O significado de um homem
para uma mulher -e vice-versa- ocupa boa parte da trama,
na qual Jaoui revê suas ideias
sobre o feminismo e também
sobre a discriminação.
"A França não se dá conta de
seus traços colonialistas", diz
ela, que é de origem tunisiana.
No filme, Jaoui vive Agathe,
uma escritora prestes a assumir um cargo político, amparada num sistema de cotas para
representação das minorias.
Por conta da carreira, ela, que
é solteira e sem filhos, retorna à
sua cidade-natal e ao convívio
com a irmã, uma mulher frágil e
emocionalmente dependente
do marido, a quem já não ama.
Entre as duas, está a figura ao
mesmo tempo incômoda e afetiva da empregada de origem
argelina, que as acompanha
desde que eram crianças. Nesta
altura da história, o filho da empregada, nascido na França,
tenta produzir um documentário sobre a "exitosa" Agathe.

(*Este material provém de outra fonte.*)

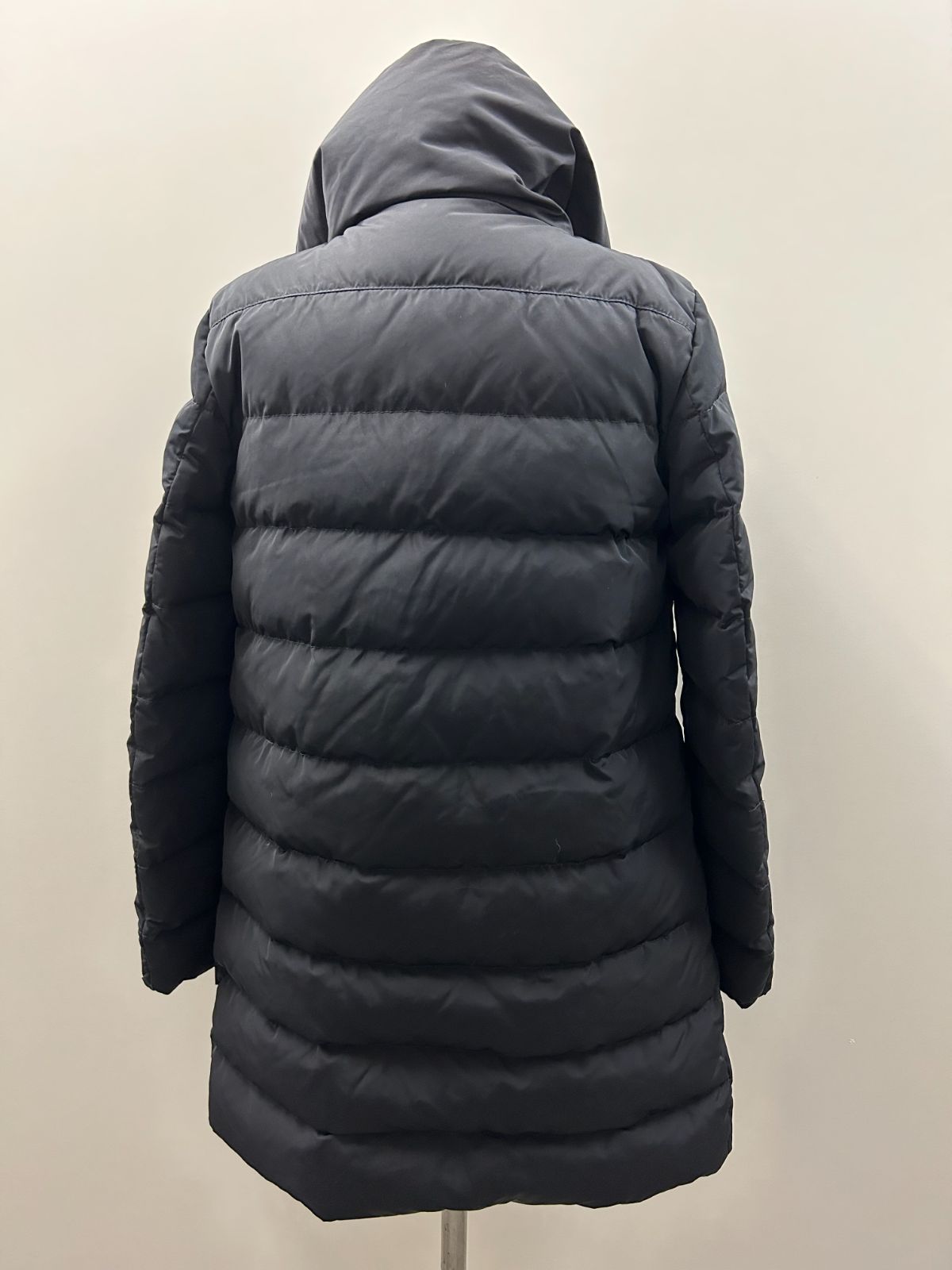 レディースMONCLER　ロングコート　ジェルボワーズ　白タグ　サイズ1 ブラック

Jaoui não quis "falar frontalmente do racismo", por julgá-lo
demasiadamente violento, e
procurou abordar o feminismo
"invocando todos os clichês,
mas tentando ir além deles",
conforme disse à Folha, em entrevista neste mês, em SP.
Convicta de que "se não reconhecermos o erro, o outro
não pode avançar", a diretora e
roteirista deu aos personagens
o traço de "vítimas obcecadas".
Agathe tem a obsessão de defender as mulheres do domínio
masculino. Jaoui emprestou à
personagem "formas disfarçadas de misoginia e machismo"
que descobriu nela mesma, enquanto refletia sobre o significado do feminismo hoje.
Exemplos: "Eu me sinto mal
se não cozinho para a família. E
ficava pouco à vontade enquanto não tive filhos [ela adotou duas crianças no Brasil]".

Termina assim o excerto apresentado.